Where does it say anything about Virgin Train or Brightline using BNSF or UP RoW?


----------



## TinCan782 (Nov 23, 2018)

jis said:


> Where does it say anything about Virgin Train or Brightline using BNSF or UP RoW?


*No, the article doesn't state that Virgin/Brightline intends to use BNSF/UP ROW*; it doesn't state that they intend to acquire their own ROW either.  

Yes, the article is centered around X-Train. _*Las Vegas Xpress, Inc.,* expects to procure and refurbish Bombardier multi-level commuter cars and have them running between San Bernardino, Calif., and the gambling mecca by mid-2019. *Trains would utilize BNSF Railway and Union Pacific tracks *which, until 1997, hosted Amtrak’s Desert Wind and before that, UP’s City of Los Angeles and City of Las Vegas._

Thanks for bringing that to my attention.


----------



## Andrew (Dec 8, 2018)

Will these trains be diesel powered or electric powered like the Acela Express?


----------



## Anderson (Dec 9, 2018)

The indications in all announcements with this are for diesel engines. There's no electrification to speak of out there and this isn't XpressWest.
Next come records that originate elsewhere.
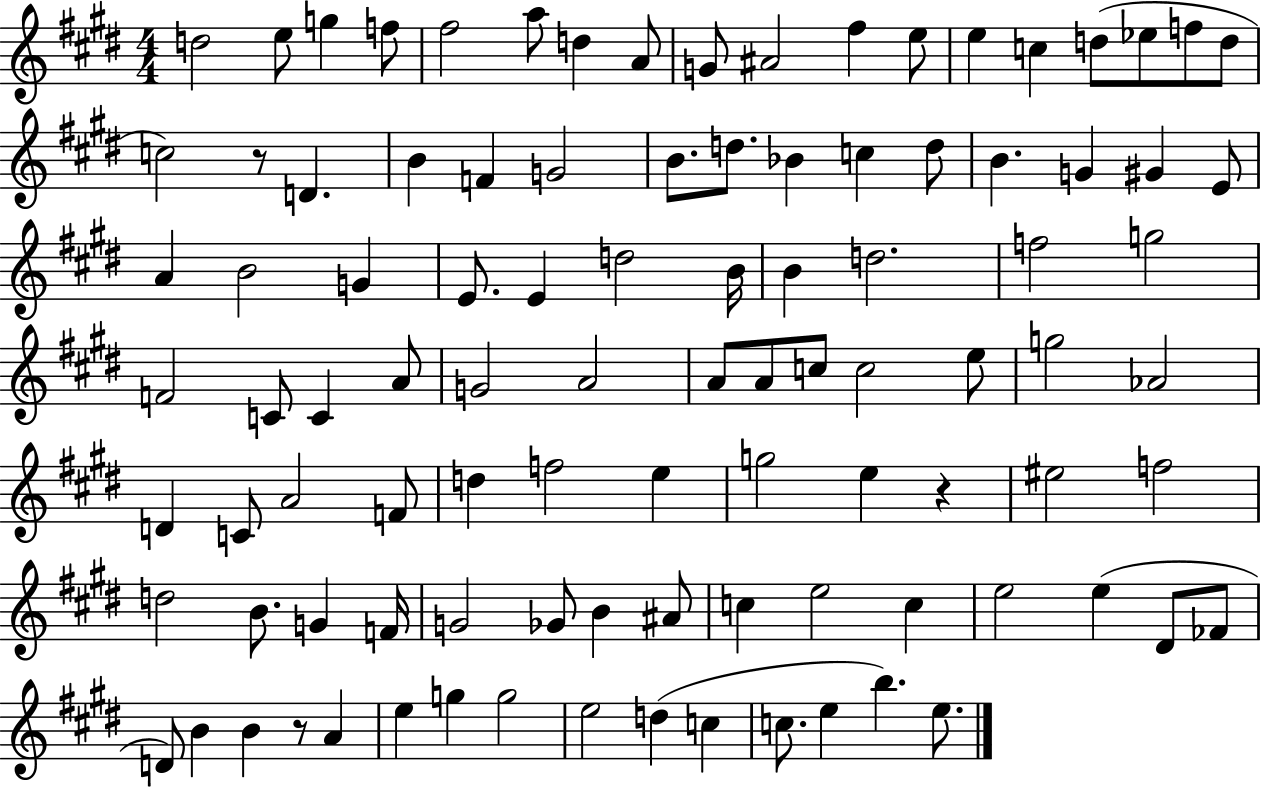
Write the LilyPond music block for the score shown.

{
  \clef treble
  \numericTimeSignature
  \time 4/4
  \key e \major
  d''2 e''8 g''4 f''8 | fis''2 a''8 d''4 a'8 | g'8 ais'2 fis''4 e''8 | e''4 c''4 d''8( ees''8 f''8 d''8 | \break c''2) r8 d'4. | b'4 f'4 g'2 | b'8. d''8. bes'4 c''4 d''8 | b'4. g'4 gis'4 e'8 | \break a'4 b'2 g'4 | e'8. e'4 d''2 b'16 | b'4 d''2. | f''2 g''2 | \break f'2 c'8 c'4 a'8 | g'2 a'2 | a'8 a'8 c''8 c''2 e''8 | g''2 aes'2 | \break d'4 c'8 a'2 f'8 | d''4 f''2 e''4 | g''2 e''4 r4 | eis''2 f''2 | \break d''2 b'8. g'4 f'16 | g'2 ges'8 b'4 ais'8 | c''4 e''2 c''4 | e''2 e''4( dis'8 fes'8 | \break d'8) b'4 b'4 r8 a'4 | e''4 g''4 g''2 | e''2 d''4( c''4 | c''8. e''4 b''4.) e''8. | \break \bar "|."
}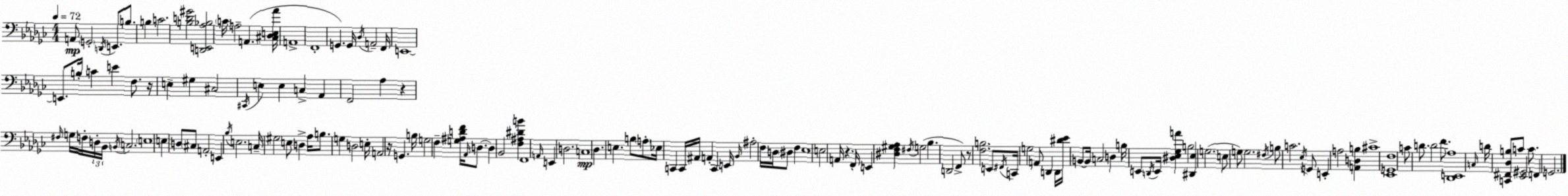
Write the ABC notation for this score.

X:1
T:Untitled
M:4/4
L:1/4
K:Ebm
A,,/2 G,,2 D,,/4 E,,/2 B,/2 B, C2 [B,D^G]2 [D,,E,,_A,_B,]2 C/4 A,2 A,, [^C,_D,E,_A]/4 A,,4 F,,4 G,, G,,/4 _D,/4 A,,2 F,,/4 E,,4 E,,/2 B,/4 C E F,/2 z/4 E, ^G, ^C,2 ^C,,/4 E, E, C, _A,, F,,2 _A, z ^F,/4 G,/4 F,/4 D,/4 _B,,/4 B,,/4 C,2 E,4 E, D,/2 ^C,/2 A,,2 E,, _B,/4 E,2 C,/4 ^G,2 E,/2 D, _A,/4 B,/2 G, D,2 E,/4 A,,2 z/4 G,, B,/4 G,2 F, [G,^A,DF]/4 _A,,/4 D,/2 D, _B,,2 [F,^A,^DB] F,,4 A,,/4 E,, D,2 C,4 _D, E, B,/2 A,/2 _E,/4 C,, C,,/4 ^A,,/4 A,, C,, E,,/4 _B,,/4 ^A,2 F,/4 D,/4 ^D,/2 F, _E,4 E,2 A,,/4 z F,,/4 E,, [^D,F,^G,_A,] ^F,/4 G,2 _B, D,,2 F,,/2 z/2 [F,B,]2 E,,/2 ^F,,/4 C,,/4 G,2 A,,/2 D,, D,,/4 [^D_E]/4 B,,/2 B,,/4 C,2 D, B,/4 E,,/2 D,,/4 E,,/4 [^D,_E,_G,A] B,2 [^D,,_E,] G,2 E,/2 G,/2 G,2 ^F,/4 B,/2 C2 _E,/4 G,,/2 E,, A,2 [A,,D,B,] ^C4 [_E,,G,,F,]4 C/2 D/2 D2 F/2 [_D,,E,,_A,]4 C,/4 D/4 [C,,^F,,_D,B,]/2 C/2 [_E,,^G,,]2 C/2 F,, G,,2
Edit: Honestly, based on project history, the real power source is hot air.


----------



## bretton88 (Dec 10, 2018)

Anderson said:


> The indications in all announcements with this are for diesel engines. There's no electrification to speak of out there and this isn't XpressWest.
> 
> Edit: Honestly, based on project history, the real power source is hot air.


Gotta push that penny stocks price up!


----------